### [Assignment]
With the pictures left out, repeat every entry that follows exactly.

### [Short descriptive text snippets]
------------

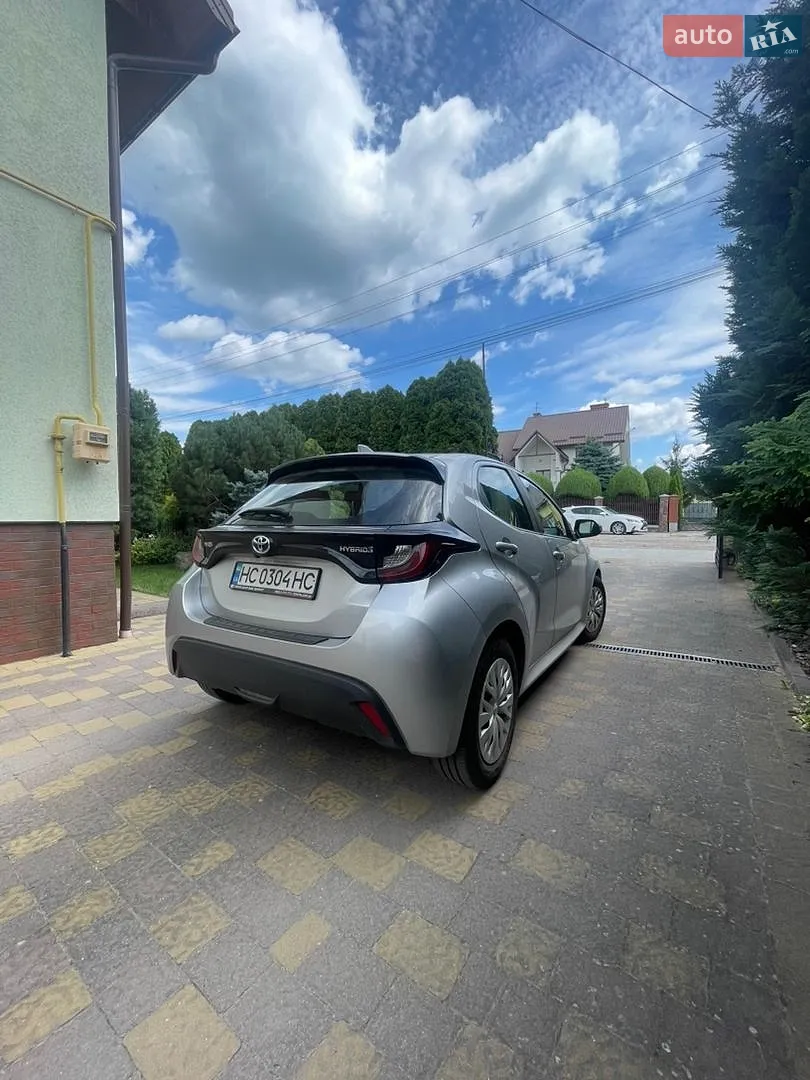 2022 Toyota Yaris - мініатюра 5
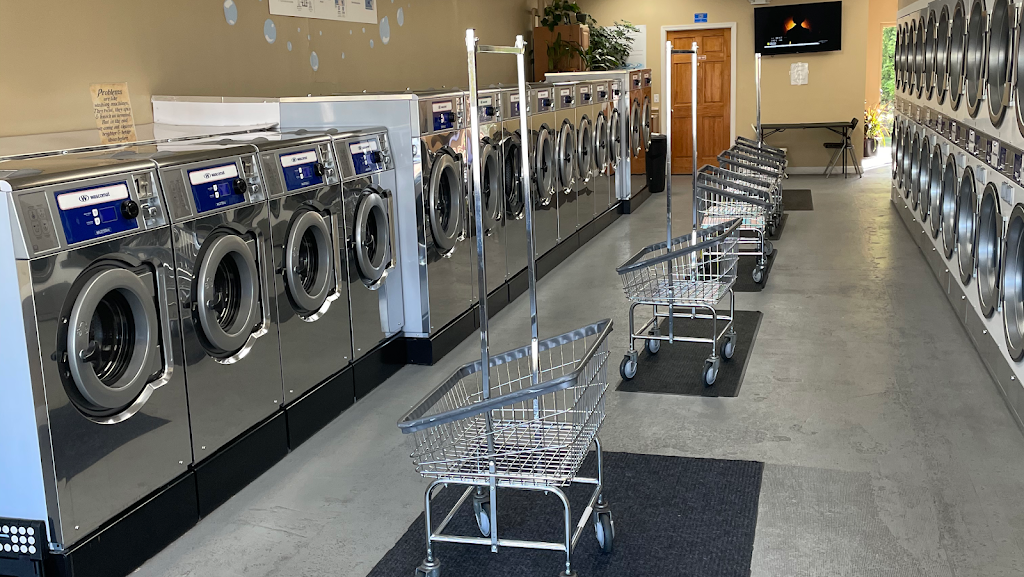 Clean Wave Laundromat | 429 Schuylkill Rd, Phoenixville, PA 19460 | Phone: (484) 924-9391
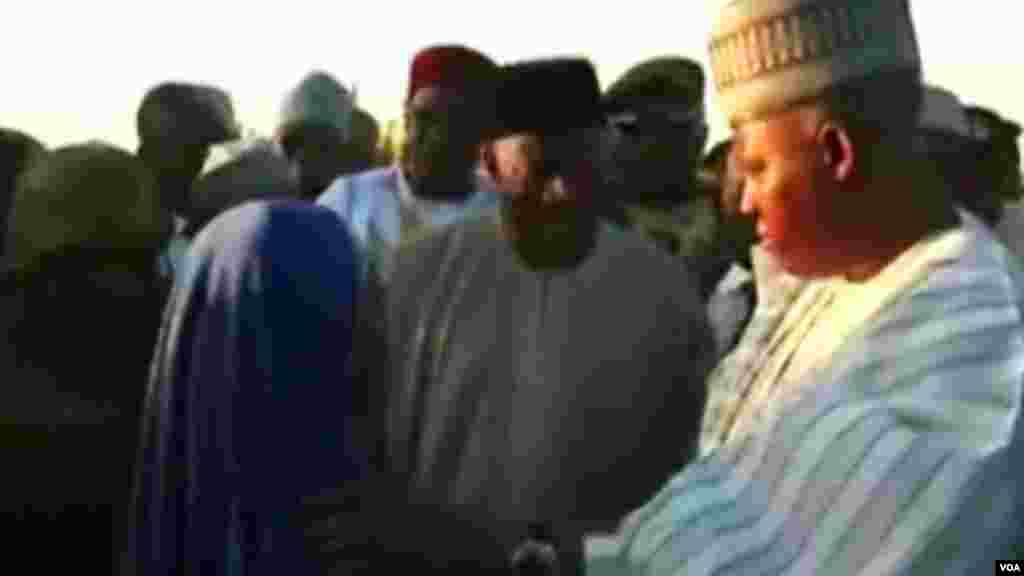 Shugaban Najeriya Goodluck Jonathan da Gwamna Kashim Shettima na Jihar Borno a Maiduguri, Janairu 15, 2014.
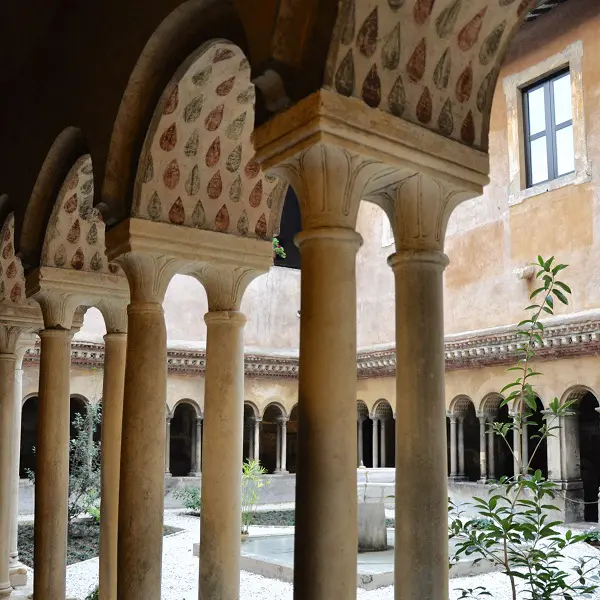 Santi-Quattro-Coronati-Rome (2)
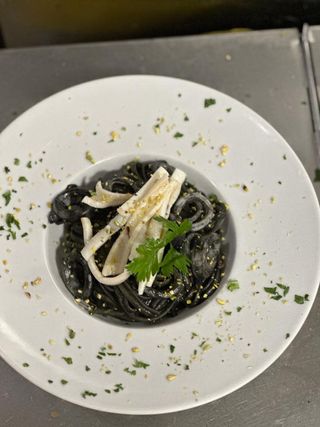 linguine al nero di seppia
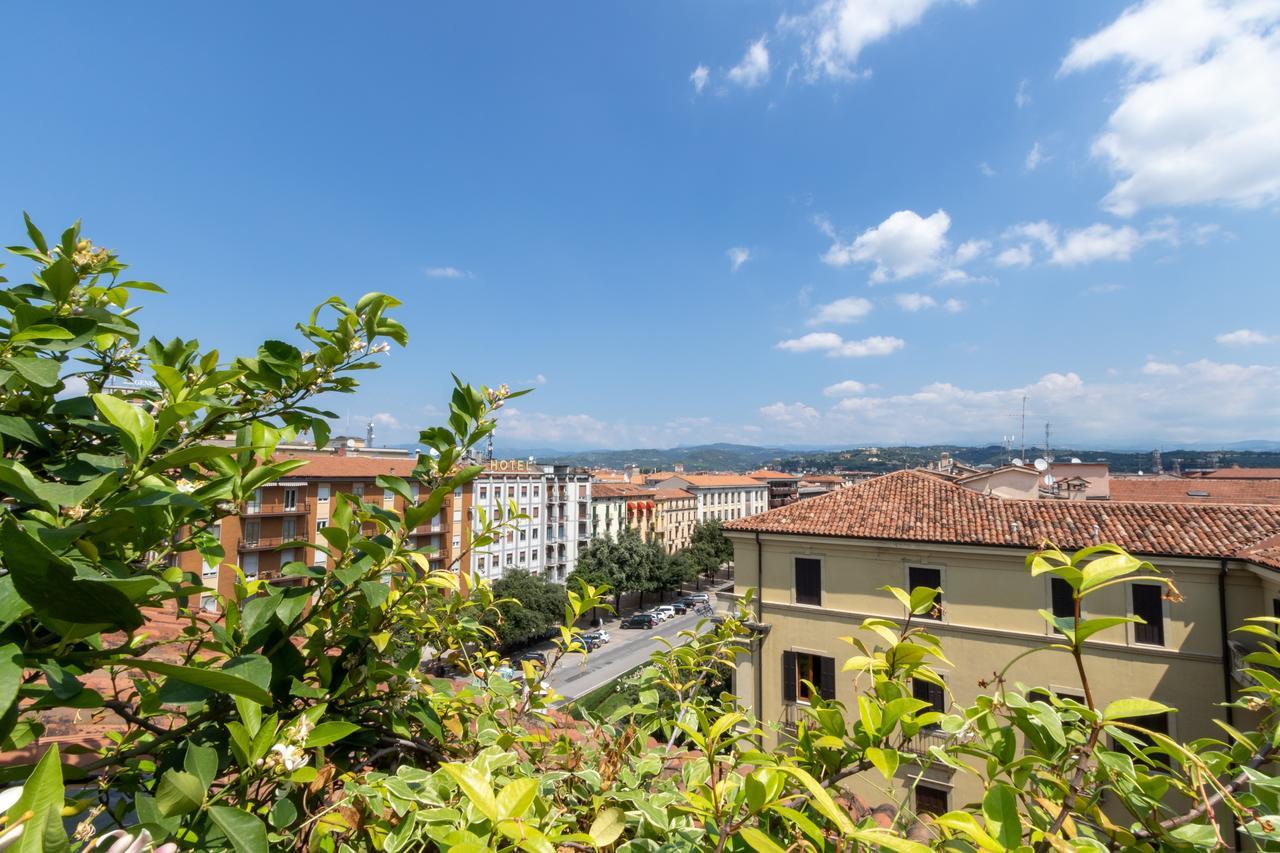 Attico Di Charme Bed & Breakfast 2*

------------

### [Output]
 2022 Toyota Yaris - мініатюра 5
 Clean Wave Laundromat | 429 Schuylkill Rd, Phoenixville, PA 19460 | Phone: (484) 924-9391
 Shugaban Najeriya Goodluck Jonathan da Gwamna Kashim Shettima na Jihar Borno a Maiduguri, Janairu 15, 2014.
 Santi-Quattro-Coronati-Rome (2)
 linguine al nero di seppia
 Attico Di Charme Bed & Breakfast 2*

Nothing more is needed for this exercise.